Thomas gazed out from the windscreen of his car. The inky night was clouded over. Without its gleaming stars, it appeared dead, uncaring and empty. The streetlights were like spotlights casting a harsh glare upon him with their pale eyes. Thomas glanced back to his girlfriend in the back of the car, he thought back to the house, had he cleaned everything sufficiently? Surely he had, he was just being paranoid he told himself.

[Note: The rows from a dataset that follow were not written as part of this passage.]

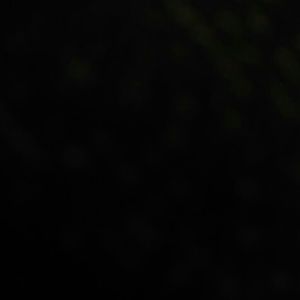 Meet your Posher, Myles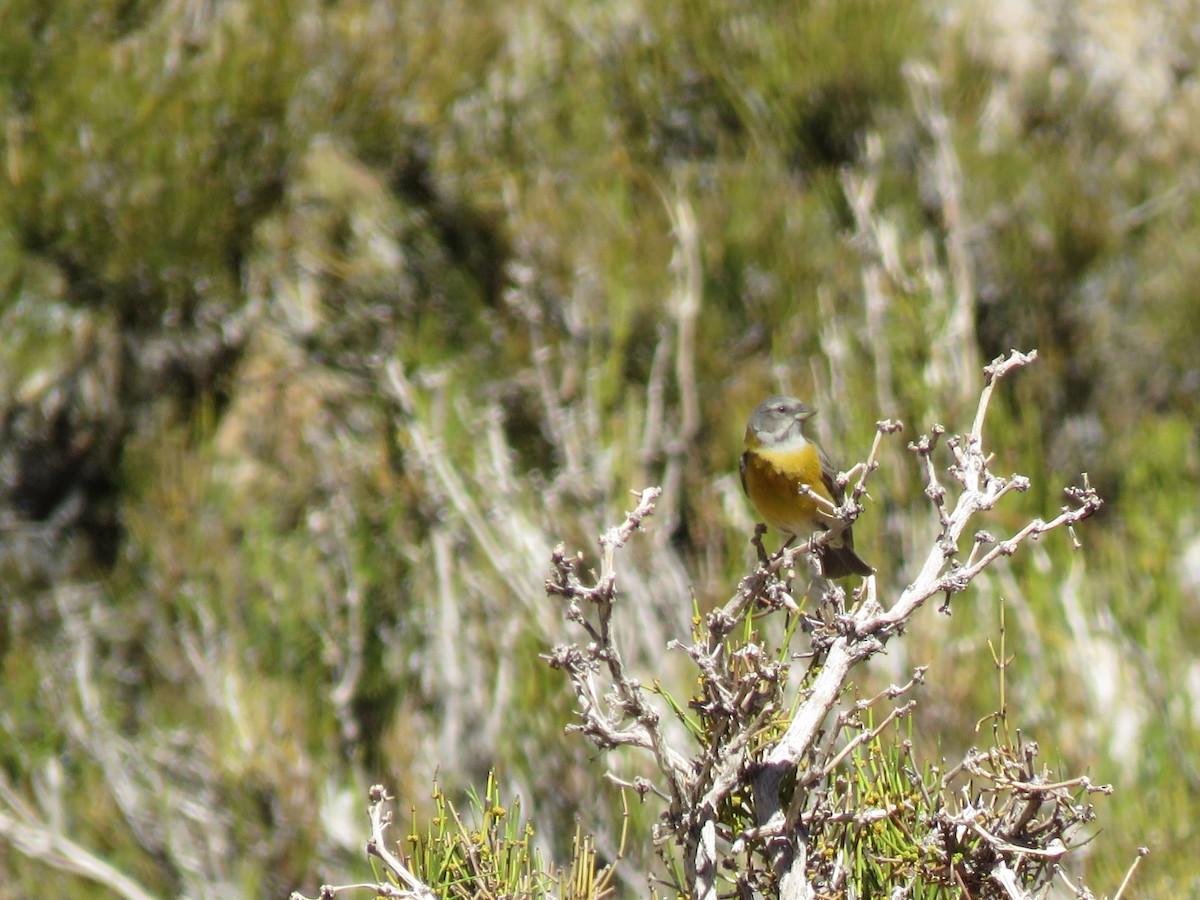 Gray-hooded Sierra Finch - ML272871361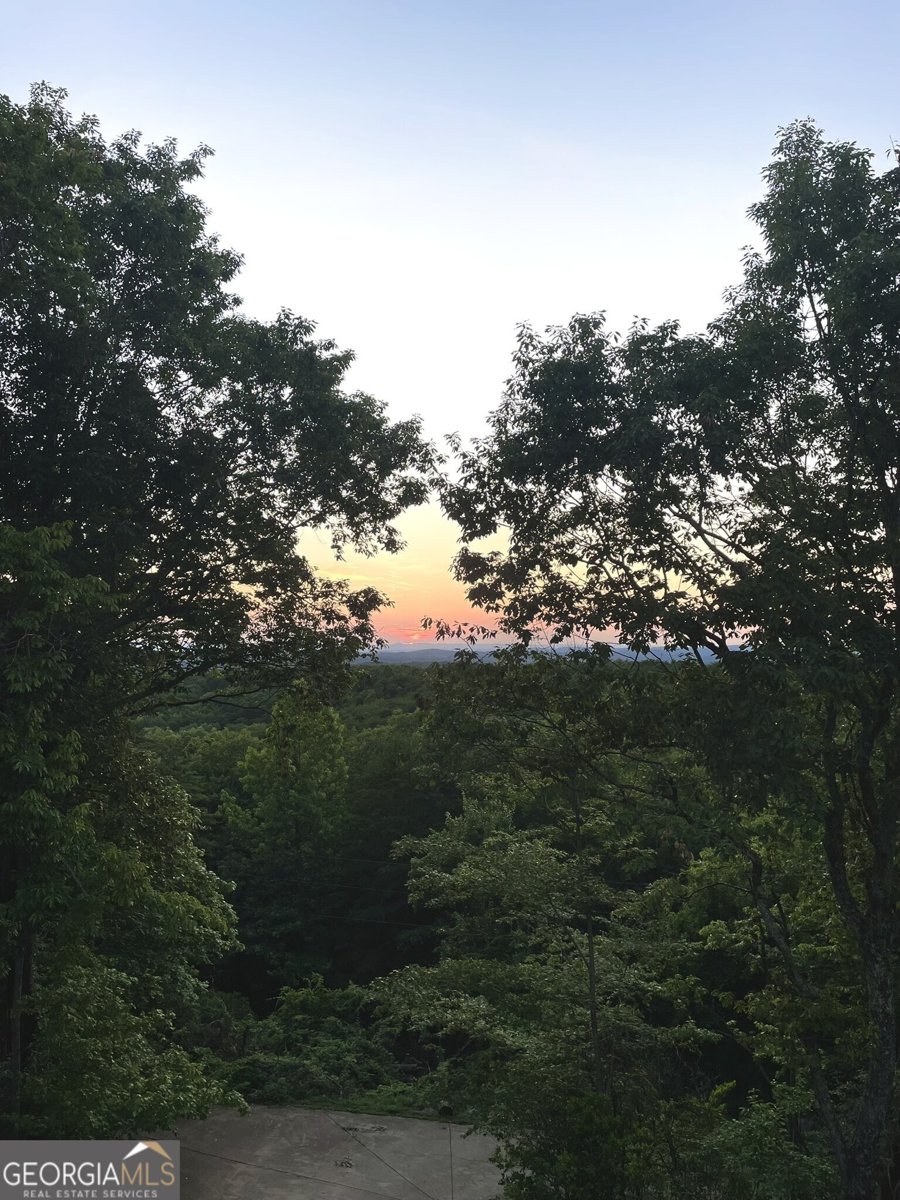 1688 Mulberry Circle Jasper - Photo 79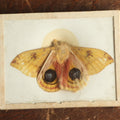 Lot 026 - Antique Automeris Io "Peacock Moth" Slabbed Preparation, Denton Bros Patented Butterfly Tablet, Wellesley, Massachusetts, Copyright 1894 - 3-1/4" x 2-1/2"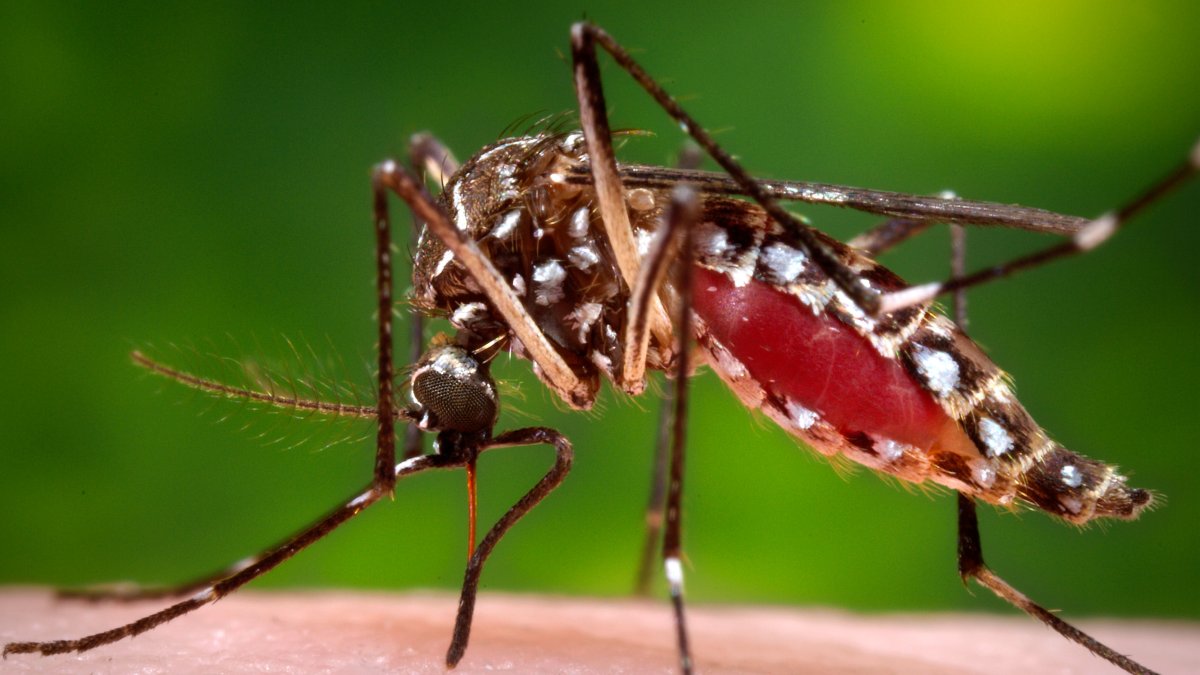 圣地亚哥“咬脚踝”的蚊子数量呈上升趋势 – NBC 7 San Diego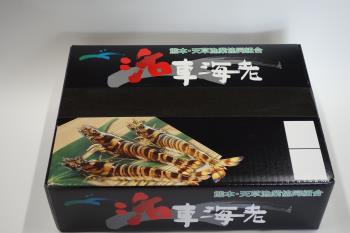 化粧箱 新 化粧箱 新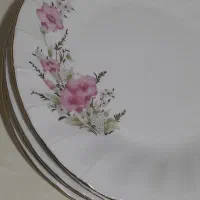 خورشت خوری چینی طول نو نو|ظروف سرو و پذیرایی|تهران, شیخ هادی|دیوار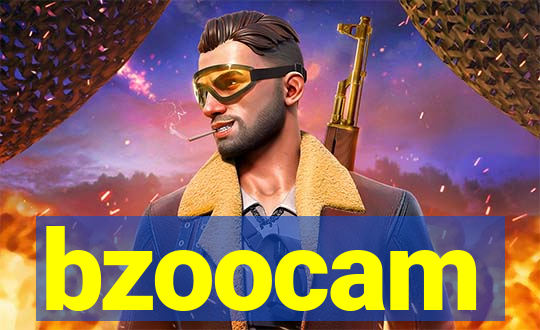 bzoocam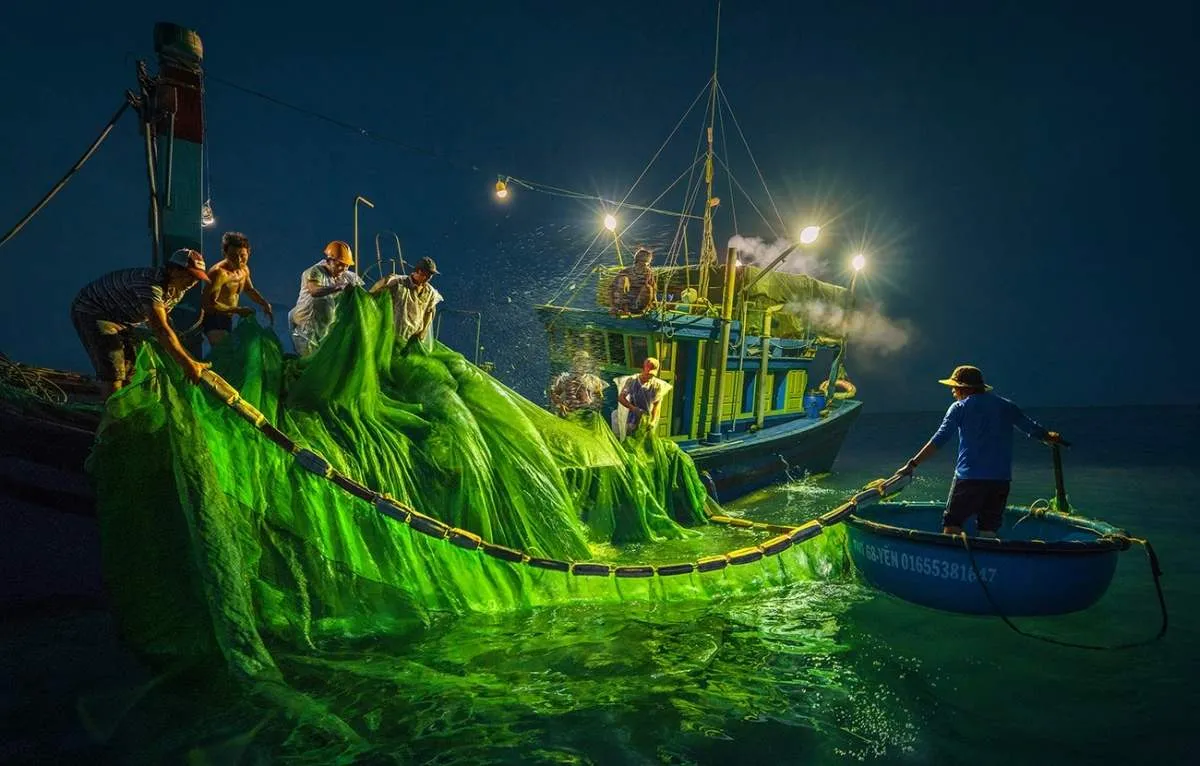 Những thước phim ngây ngất lòng người của mùa cá cơm Phú Yên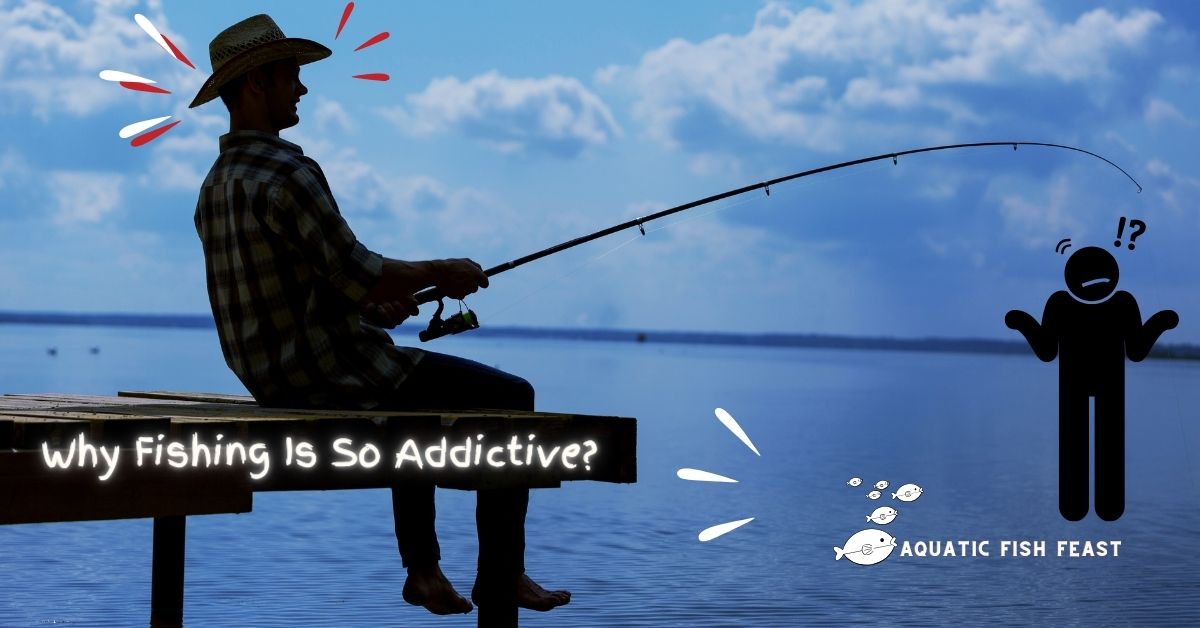 Why Fishing Is So Addictive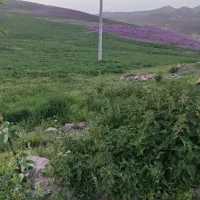 کاه یونجه دیم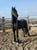 Annuncio cavallo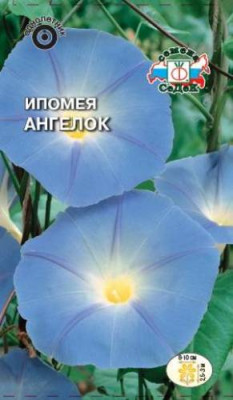 Ипомея Ангелок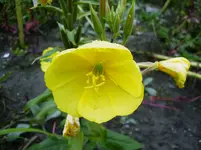 016.webp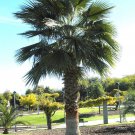 Washingtonia Robusta Mexican Fan Palm Skyduster 10 Seeds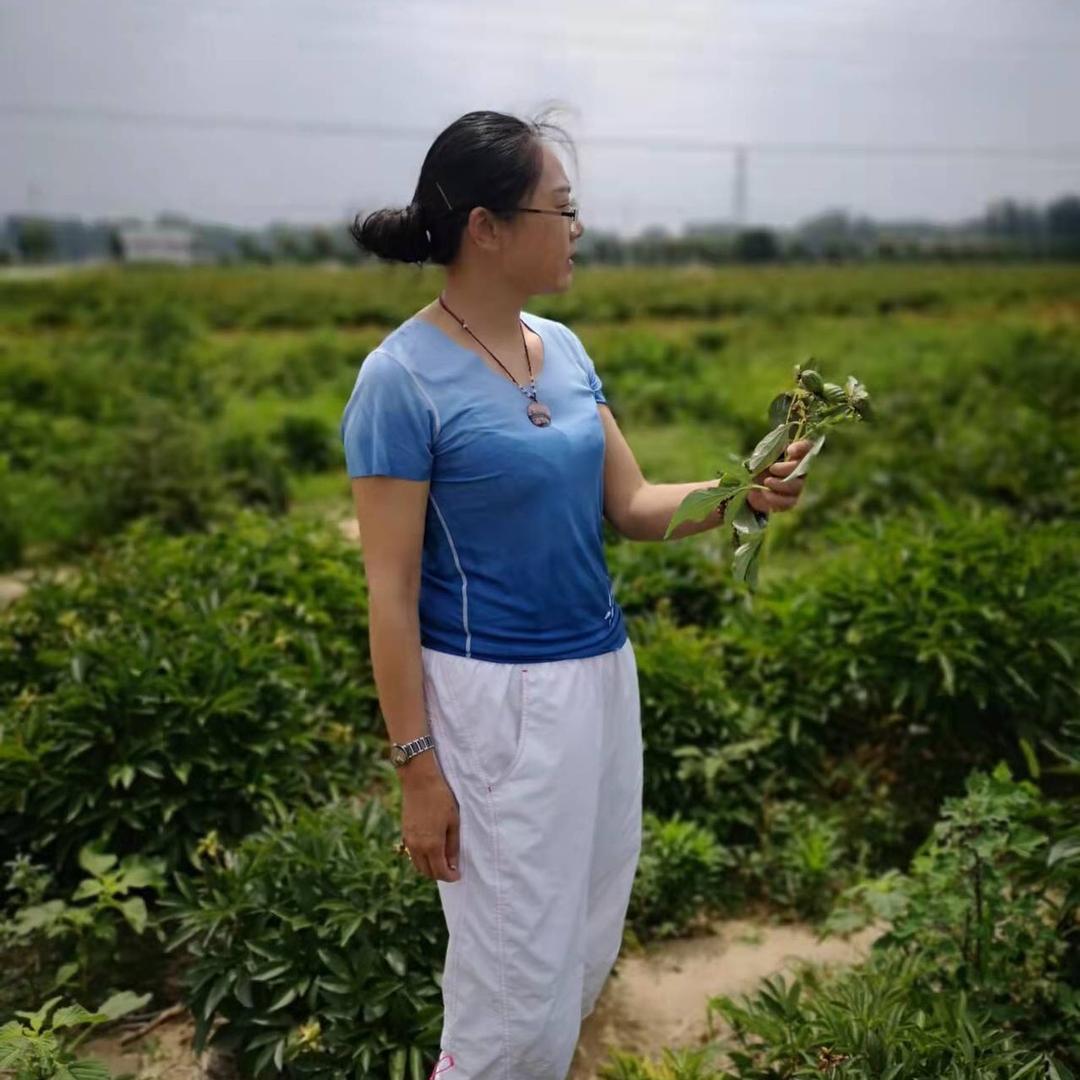裕杰茶社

Thomas looked at his meter. His engine was gasping for petrol to continue, he knew he would have to stop, to halt their escape. He moaned with worry. No, no, he couldn't succumb to anxiety now, there was still the note. The note that would tell them all that he and his girlfriend, his beloved Charlotte, had eloped together and were starting a new life, a life free of the pressures that had crushed Charlotte for so long. Her parents never understood her like he had, thought Thomas. He remembered a all the nights she had cried into his arms about her mother's cutting words that stabbed like needles, or her father's constant disapproving stare. They had planned this escape for so long.
The petrol station was just ahead. The cameras that hid on the cold concrete walls would soon document his location. NO! Thomas thought, stop this, they'll forget you as soon as you leave and nobody will ever find either of you. Breathing heavily as he refilled his car, and entered the station. Every step sent spears of dread through him, the lady at the counter would surely notice his skaky movements, the bags that rested beneath his eyes. But she did not react and he left the station shaking like a boy leaving bed at night, afraid of the monsters that might reach out and grab him.
Again on the road, Thomas remembered when he and Charlotte had first met, the snowy day she had moved in next to him. They had so much in common, and despite everything, she radiated joy. He loved her so much, and the day that he found out that she felt the same was the happiest day of his life. Thomas couldn't help but glance back at her and smile at the memories they had painted in their minds together.
Exhaustion grasped at Thomas' eyelids, and his vision began to swirl into a drunken stupor, but he wouldn't stop. Not now. Every driver he passed seemed to be... glaring? Did they know? Why were they glaring? They didn't know. They couldn't know. What right did they to cast judgement on him? They couldn't understand. But why did they watch him like this? And the trees. The Winter corpses whose bodies shone with a ghostly glow in the headlights of his car, like skeletal arms reaching out from the ground. What was between them? Thomas could see dark figures watching him in slips of darkness that lurked between the trees. He knew they were there. They were watching him. No... No. He had to ignore them they couldn't truly be there.
Thomas needed to distract himself. He recalled his and Charlotte's trip to Oxford, they were so happy, so free. But then the arguments. The blazing rows. Searing red pokers of rage ran through him at the memories, doused with a cold wash of sadness and regret. They had planned so much. They were going to escape everything, but she backed out, she couldn't do it she said. He was so angry, he thought she had betrayed him. Thomas remembered this morning. The morning he saw sense, he was going to apologise and everything would be okay again. He remembered the packed bags and how she told him she was leaving. He remembered how desperate he was to stop her, to explain himself.
He remembered what happened next.
The car stopped. They were here. Thomas turned to Charlotte in the back. He saw her face pictured her smile in his head. The smile that was now frozen in shock and fear. The red thag dribbled down her forehead clashed with the sickly white shad that her face had turned.
'She's dead.' Thomas said out loud. He hadn't said it before. He hadn't fully accepted what he had done until now. The paranoia had clouded his mind.
Looking into the crystalline lake, Thomas' mind cleared into clarity. Nobody was watching him. Nobody was coming. Not after the note he left. The thought sprung tears to his eyes, tears that crawled down his cheeks like insects on a corpse. He wept with sorrow, a pathetic heap of self-pity. But he was safe. He knew that. Nobody could see him.
Except he was wrong.
Somebody saw him.
A hunter watched as a man dragged a corpse up to a lake, put rocks in her clothes and threw her into the deep waters. The hunter scribbled down the man's license plate and retreated into the safety of the shadows.
Thomas sat slumped in a chair. He was in a room of the Ridgewood Inn. He hadn't slept in days. He couldn't eat. He couldn't only think of her. What he'd done to her. Thomas heard voices in the hall. Footsteps on the stairs. Coming closer. Closer. Then. A knock upon his door.